The time to appeal, seven calendar days after delivery or ten calendar days after mailing, which was set forth twice in the determination Evangelista received, is governed by N.J.S.A. 43:21-6(b)(1). The definition of a good cause exception to those time requirements is provided in N.J.A.C. 12:20.3-1(i)
A late appeal shall be considered on its merits if it is determined that the appeal was delayed for good cause. Good cause exists in circumstances where it is shown that
1. The delay in filing the appeal was due to circumstances beyond the control of the appellant; or
2. The appellant delayed filing the appeal for circumstances which could not have been reasonably foreseen or prevented.
We recognized the importance of adequate procedural safeguards to insure due process protections in the agency appeal process for unemployment benefits in Garzon v. Board of Review, Department of Labor, 370 N.J. Super. 1 (App. Div. 2004). Noting the agency's determinations at that time lacked sufficient instruction informing the applicant of the appellate deadline, we indicated that "an analysis under fairness principles [coincides] with a procedural due process analysis, since at its core, due process calls for those procedural protections that fairness demands." Id. at 9 (citations omitted). The agency has since modified the instructions.
Evangelista did not demonstrate good cause for her late appeal.
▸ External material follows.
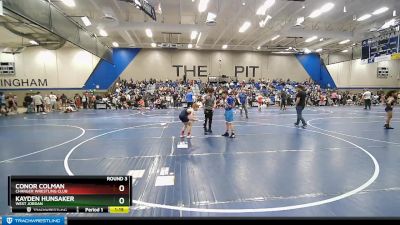 78 lbs Round 3 - Kayden Hunsaker, West Jordan vs Conor Colman, Charger Wrestling Club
She testified that she received the determination one or two weeks after the mailing date. She did not appeal until approximately two months after she received the determination. She had no cause for the delay beyond her failure to believe for unspecified reasons that the appeal information applied to her situation. Evangelista did not allege any disability to excuse her failure to understand the appeal rights. Her job title and her well-written email of resignation belie the existence of any such disability. The Board's decision to dismiss the appeal due to its late filing was supported by substantial credible evidence in the record and was not arbitrary, capricious, or unreasonable.
1 Neither party supplied a copy of this determination, but they do not disagree as to its contents.